Instructions to follow
Everything from the line containing "Myszka idealna do" to the last line of the listing below should be restated exactly, both ends included, with nothing added and the pictures omitted.

Working data

::::::::::

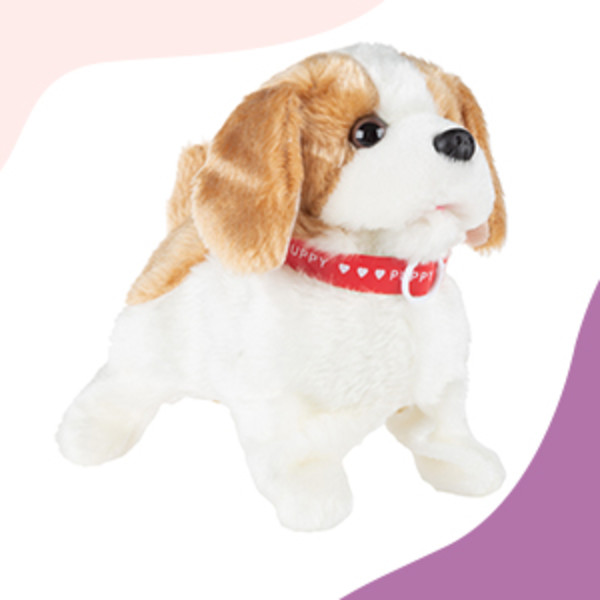 Happy Trails Interactive Plush Puppy Toy, Walks, Barks, Back Flips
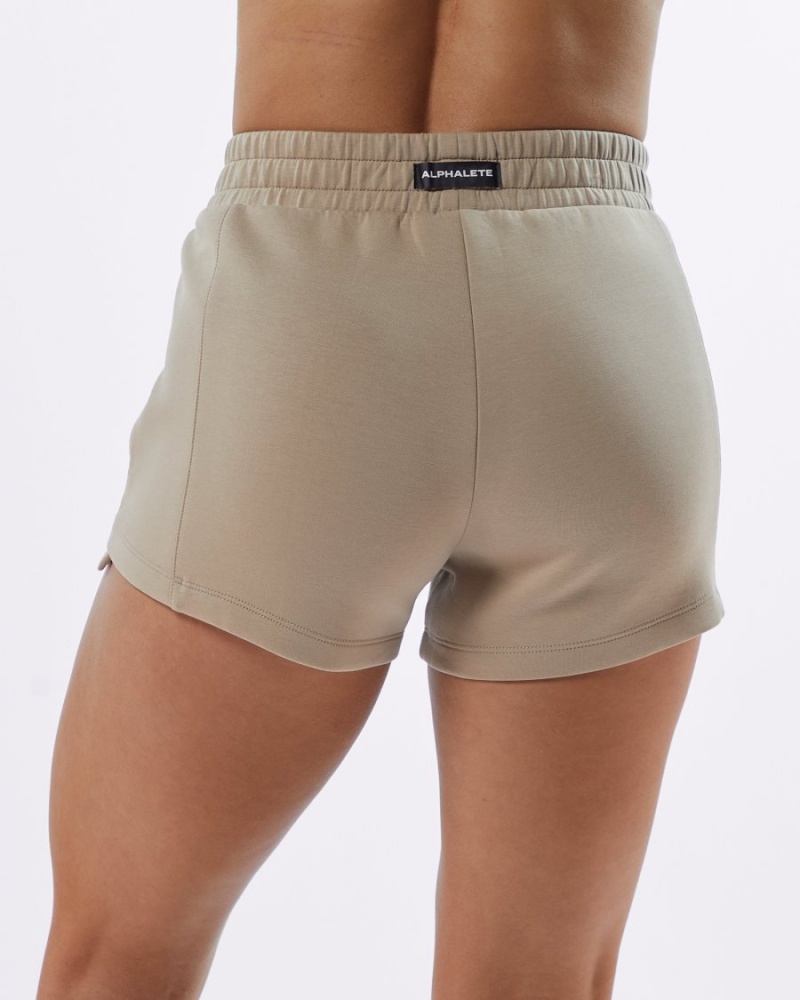 Women's Alphalete ELMTS Athletic Short 3.5" Shorts Tan | 3896-OEWJC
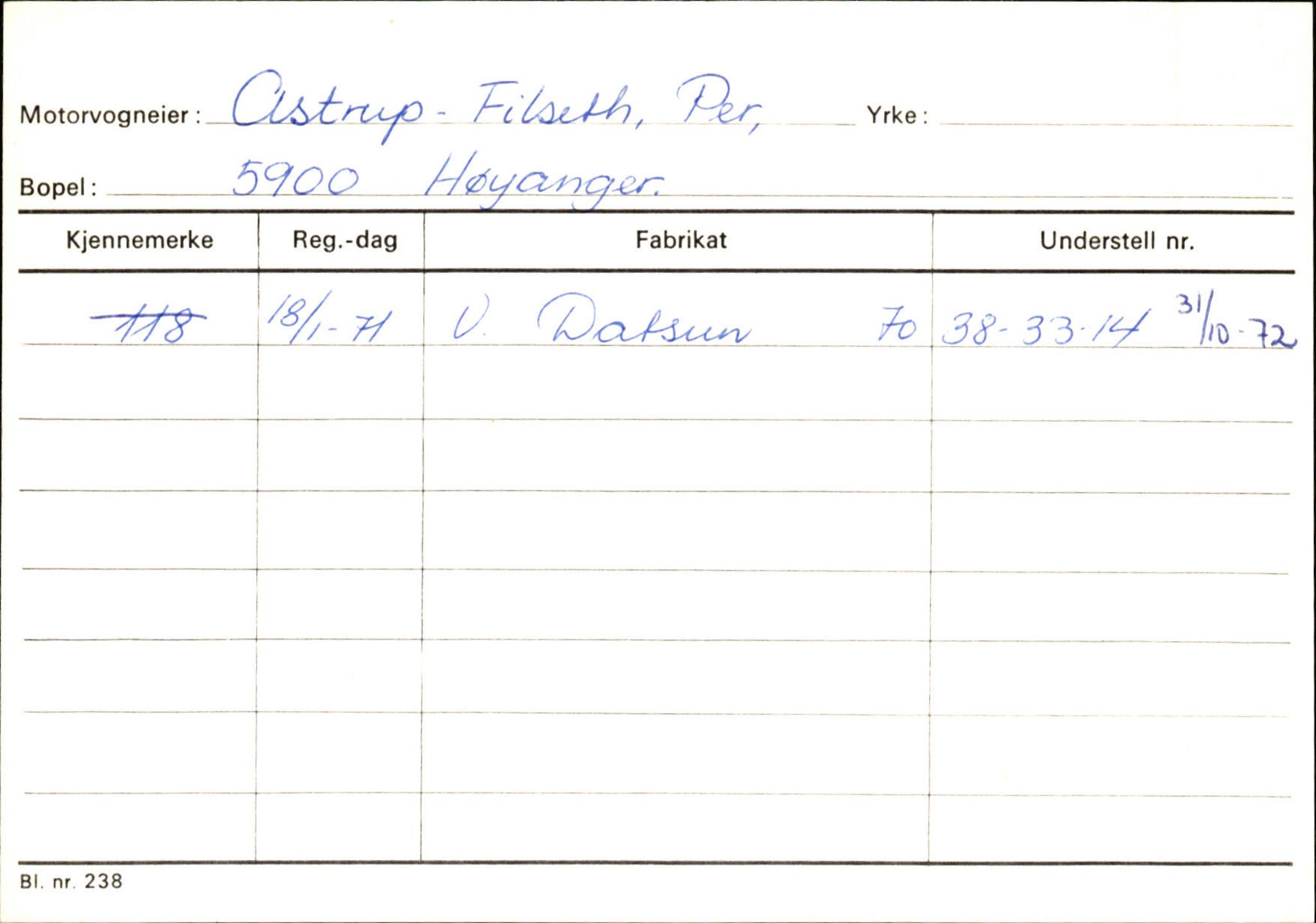 Statens vegvesen, Sogn og Fjordane vegkontor, AV/SAB-A-5301/4/F/L0130: Eigarregister Eid T-Å. Høyanger A-O, 1945-1975, p. 407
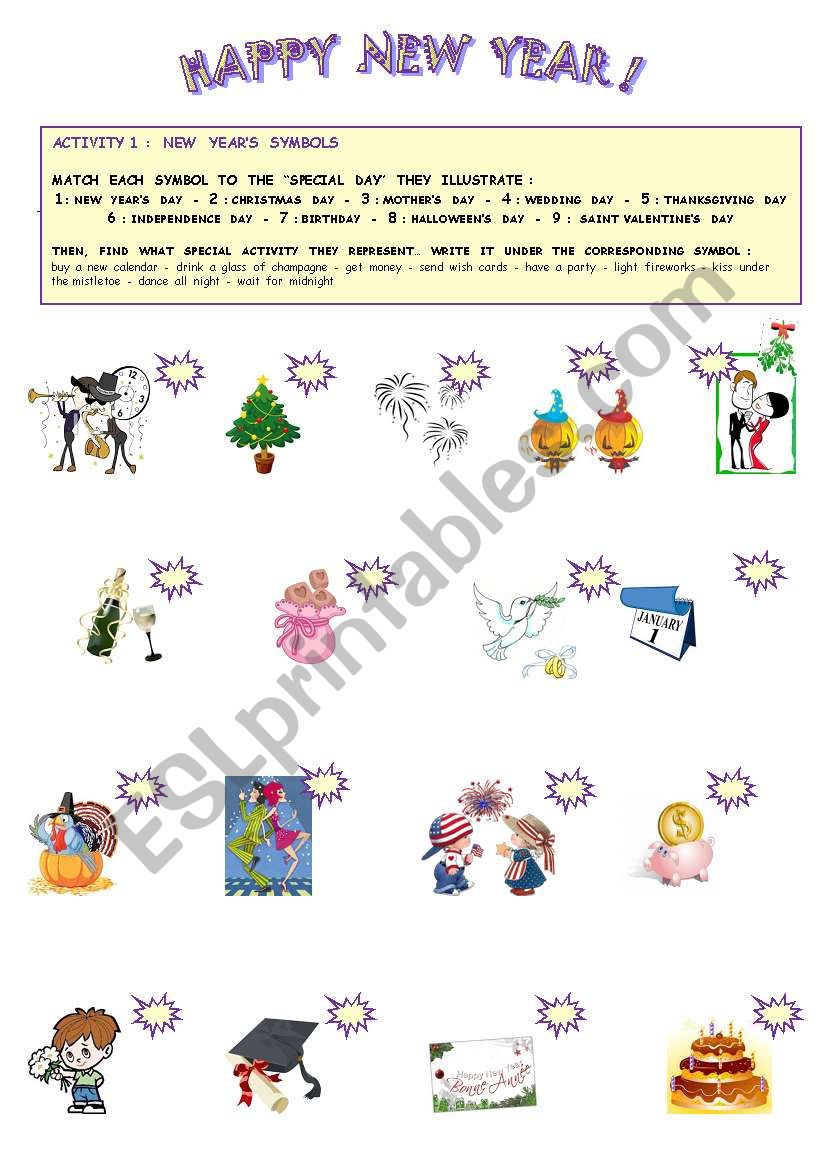 HAPPY  NEW  YEAR  ( 2 pages ) worksheet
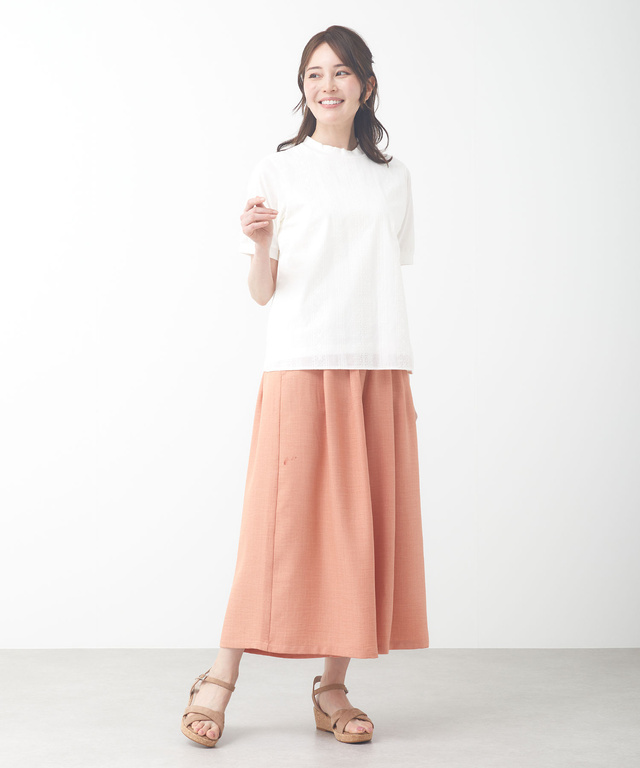 レース刺繡 ドッキング カットソー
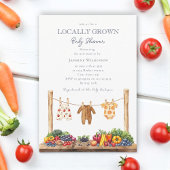 Invitation locally grown farmers market baby shower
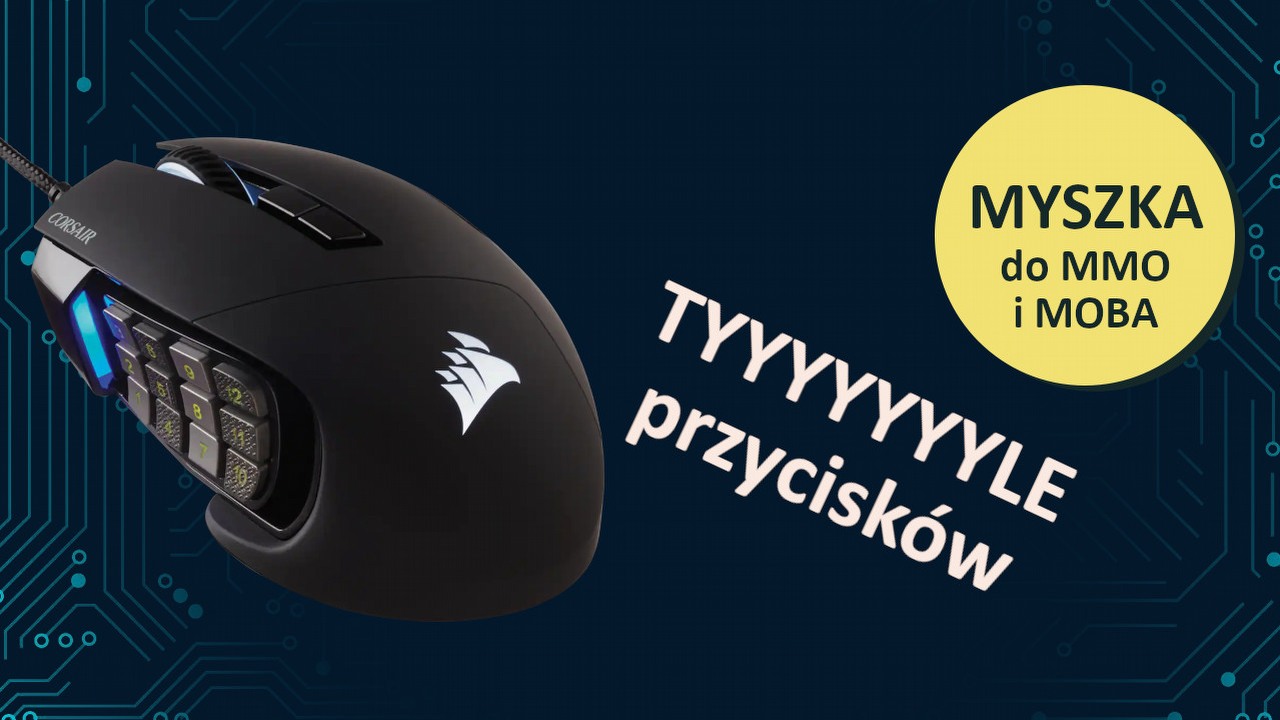 Myszka idealna do MMO i WoW:Dragonflight - Corsair Scimitar RGB Elite, źródło grafiki: Corsair.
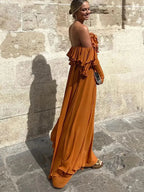 Classic Chiffon Evening Dresses Ruffles A Line Long Prom Gowns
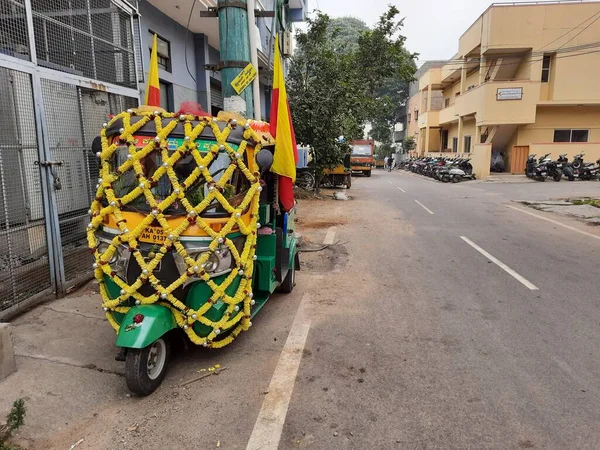 Bangalore Karnataka Indien Nov 2020 Großaufnahme Einer Wunderschön Dekorierten Auto — Stockfoto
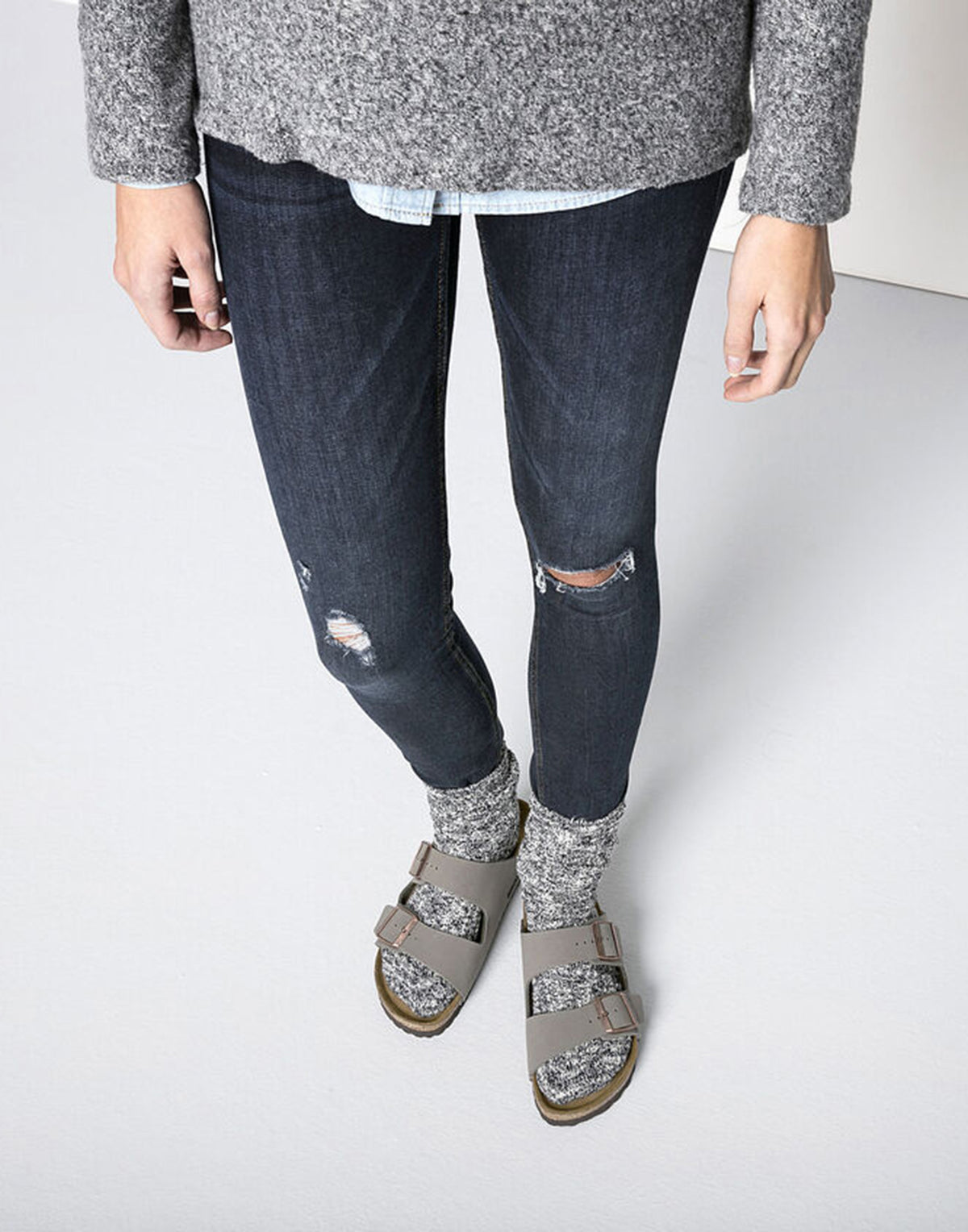 BIRKENSTOCK Calzini Cotton Slub Black/Grey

::::::::::

Answer to the exercise
 Myszka idealna do MMO i WoW:Dragonflight - Corsair Scimitar RGB Elite, źródło grafiki: Corsair.
 Classic Chiffon Evening Dresses Ruffles A Line Long Prom Gowns
 Bangalore Karnataka Indien Nov 2020 Großaufnahme Einer Wunderschön Dekorierten Auto — Stockfoto
 BIRKENSTOCK Calzini Cotton Slub Black/Grey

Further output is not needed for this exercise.